[Make-wifi-fast] [Cake] Cake in mac80211
Toke Høiland-Jørgensen
toke at redhat.com
Wed Feb 5 11:16:44 EST 2020
Dave Taht <dave at taht.net> writes:
> Bjørn Ivar Teigen <bjorn at domos.no> writes:
>
>> Thanks for the feedback!
>>
>> Some comments and questions added inline.
>>
>> On Tue, 4 Feb 2020 at 18:07, Dave Taht <dave.taht at gmail.com> wrote:
>>
>> On Tue, Feb 4, 2020 at 7:25 AM Jonathan Morton
>> <chromatix99 at gmail.com> wrote:
>> >
>> > > On 4 Feb, 2020, at 5:20 pm, Bjørn Ivar Teigen <bjorn at domos.no>
>> wrote:
>> > >
>> > > Are there any plans, work or just comments on the idea of
>> implementing cake in mac80211 as was done with fq_codel?
>> >
>> > To consider doing that, there'd have to be a concrete benefit to
>> doing so.
>>
>> Research is research! :) Everything is worth trying! There's got
>> to be
>> some better ideas out there, and we have a long list of things we
>> could have done to keep improving wifi had funding not run out.
>>
>> We barely scratched the surface of this list.
>>
>> https://docs.google.com/document/d/1Se36svYE1Uzpppe1HWnEyat_sAGghB3kE285LElJBW4/edit
>>
>>
>> > Most of Cake's most useful features, beyond what fq_codel
>> already supports, are actually implied or even done better by the
>> WiFi environment and the mac80211 layer adaptation (particularly
>> airtime fairness).
>>
>> In my opinion(s)
>>
>> A) I think ack-filtering will help somewhat on 802.11n, but it's
>> not
>> worth the added cpu cost on an AP and I'd prefer hosts reduce
>> their
>> ack load in the tcp stack (IMHO, others may differ, it's worth
>> trying)
>> B) The underlying wifi scheduler essentially does per host fq
>> better
>> than cake can (because it's layer 2 vs layer 3), as per jonathan's
>> comment above
>>
>> C) Instead of using a 8 way set associative hash and 1024 queues,
>> fq_codel for wifi uses 4096 with a disambiguation pointer for
>> collisions.
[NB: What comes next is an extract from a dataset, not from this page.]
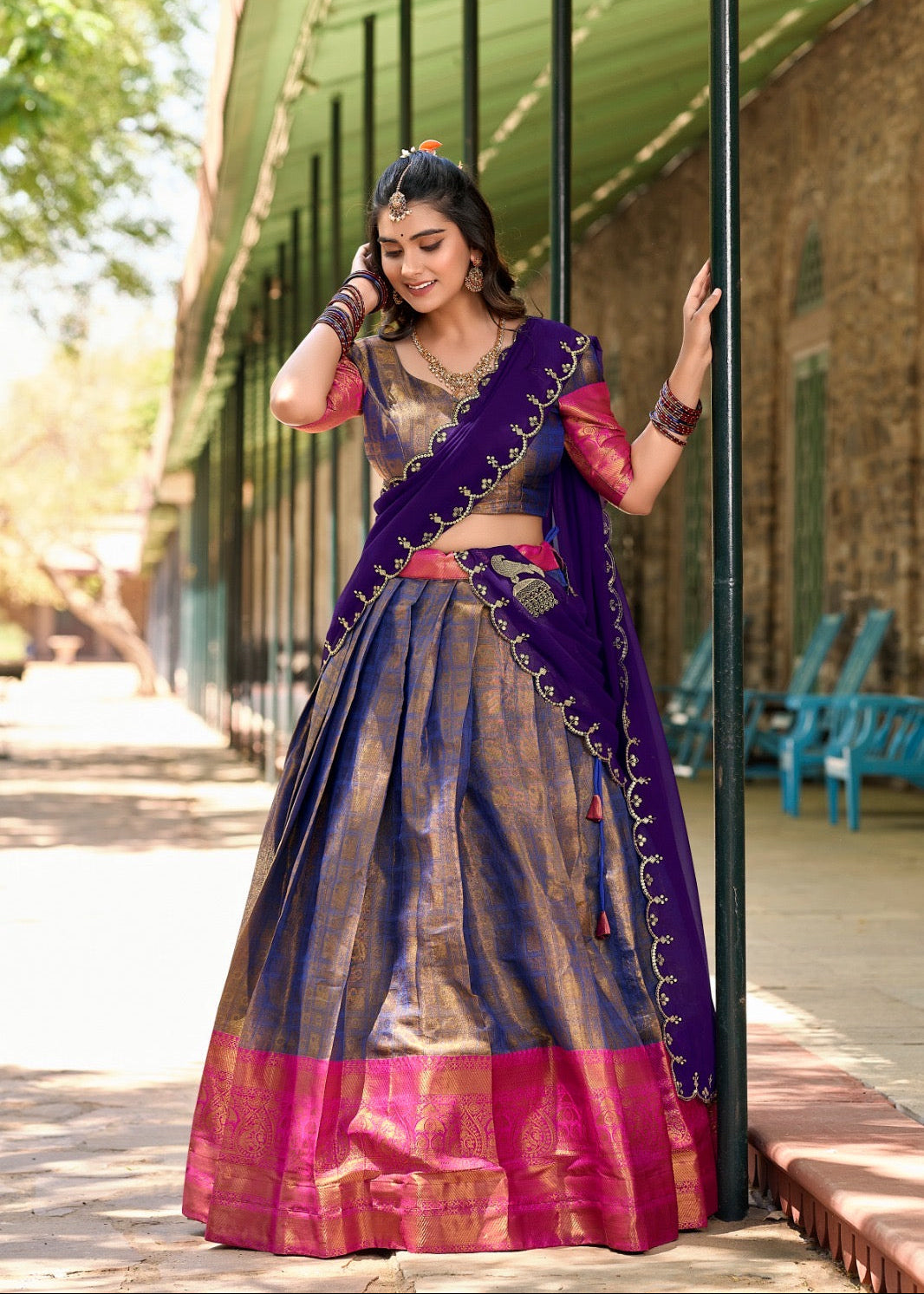 Kanjivaram Silk Elegant Festive Lehenga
Seems good enough.
>>
>>
>> Didn't catch that before. Are the extra queues there because of the
>> different access categories on Wi-Fi? Seems like that would mean most
>> of them are not in use considering how little traffic is marked with
>> DSCP.
>
> I wasn't counting those. There's one set of 4k queues per access
> class.
Nit: not per access class; they're shared across the whole phy.